**REQUIRED WORK**
Here is the task for the listing below: output exactly the lines from the one containing "thumbnail image 3" through the one containing "İnceleme hemen sonraki paylaşımda", and leave out the pictures.

───── SUPPLIED MATERIAL

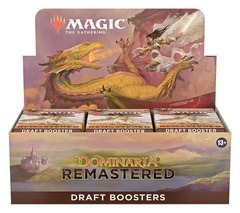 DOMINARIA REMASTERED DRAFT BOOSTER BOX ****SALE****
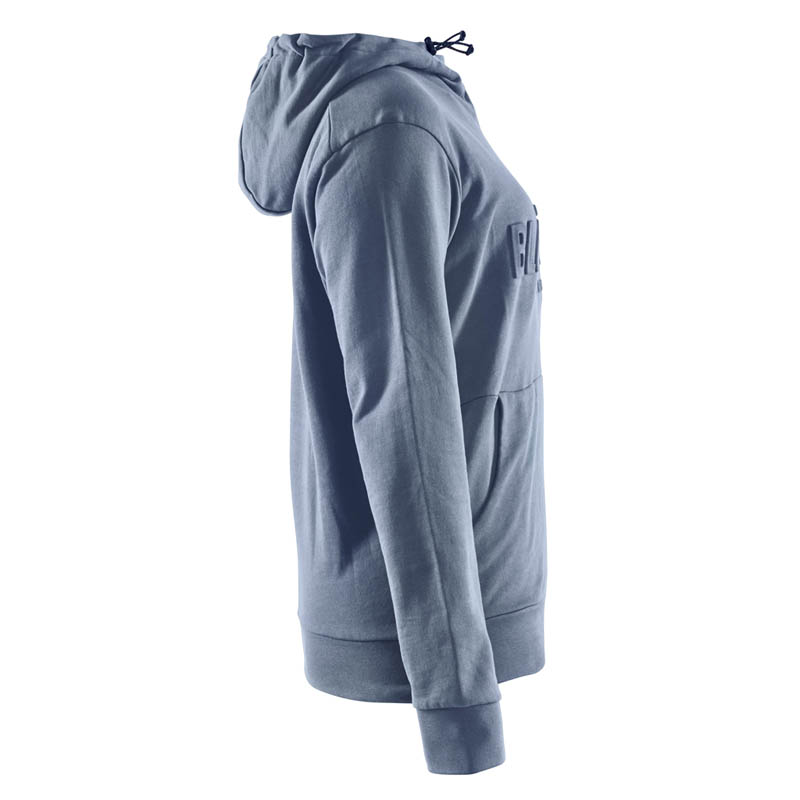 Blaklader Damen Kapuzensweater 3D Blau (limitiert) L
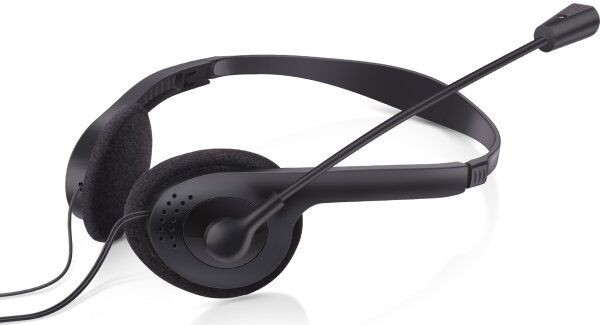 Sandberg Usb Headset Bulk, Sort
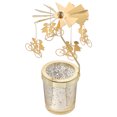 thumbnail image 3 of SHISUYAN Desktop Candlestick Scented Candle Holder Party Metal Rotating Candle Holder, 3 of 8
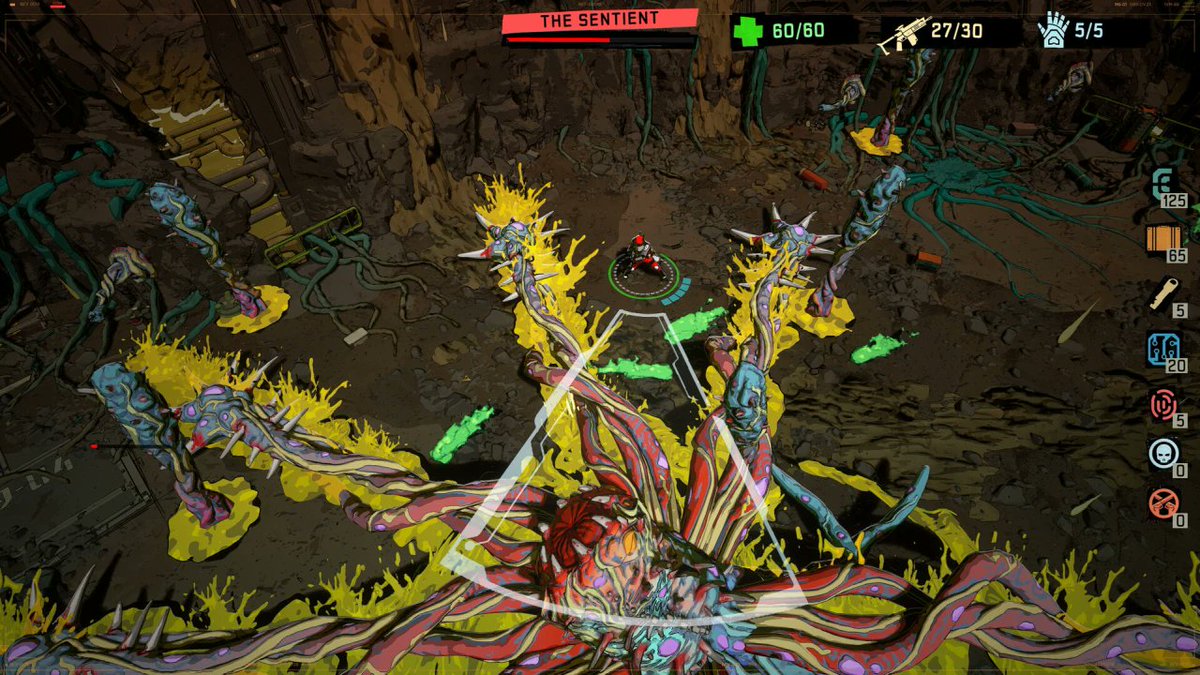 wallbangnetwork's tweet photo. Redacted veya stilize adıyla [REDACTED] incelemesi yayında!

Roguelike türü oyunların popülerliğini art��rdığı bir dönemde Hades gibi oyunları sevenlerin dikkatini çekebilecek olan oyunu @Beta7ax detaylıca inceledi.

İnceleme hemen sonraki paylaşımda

──────────
───── SUPPLIED MATERIAL

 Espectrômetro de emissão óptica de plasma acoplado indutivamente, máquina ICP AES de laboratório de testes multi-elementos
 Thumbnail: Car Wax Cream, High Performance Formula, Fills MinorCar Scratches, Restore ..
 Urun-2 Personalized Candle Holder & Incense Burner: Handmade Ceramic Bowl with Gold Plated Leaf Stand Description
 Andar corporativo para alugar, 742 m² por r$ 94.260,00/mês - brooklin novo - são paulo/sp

──────────
───── SUPPLIED MATERIAL

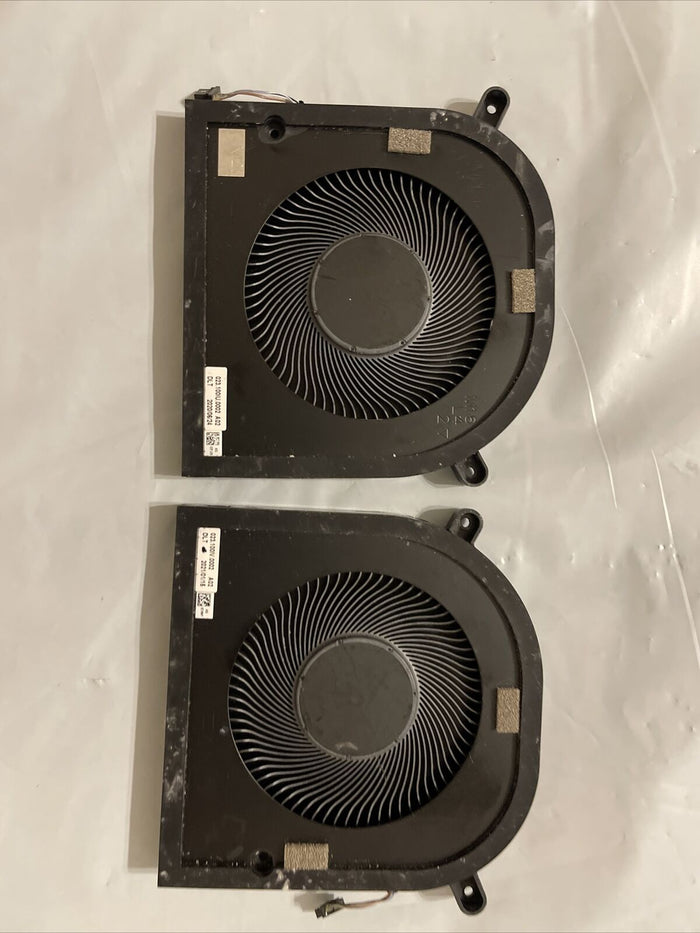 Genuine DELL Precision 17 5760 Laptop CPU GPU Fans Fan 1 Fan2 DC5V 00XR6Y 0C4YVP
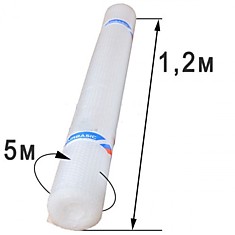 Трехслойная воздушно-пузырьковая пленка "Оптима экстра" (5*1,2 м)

──────────

**TASK SOLUTION**
 thumbnail image 3 of SHISUYAN Desktop Candlestick Scented Candle Holder Party Metal Rotating Candle Holder, 3 of 8
 wallbangnetwork's tweet photo. Redacted veya stilize adıyla [REDACTED] incelemesi yayında!

Roguelike türü oyunların popülerliğini art��rdığı bir dönemde Hades gibi oyunları sevenlerin dikkatini çekebilecek olan oyunu @Beta7ax detaylıca inceledi.

İnceleme hemen sonraki paylaşımda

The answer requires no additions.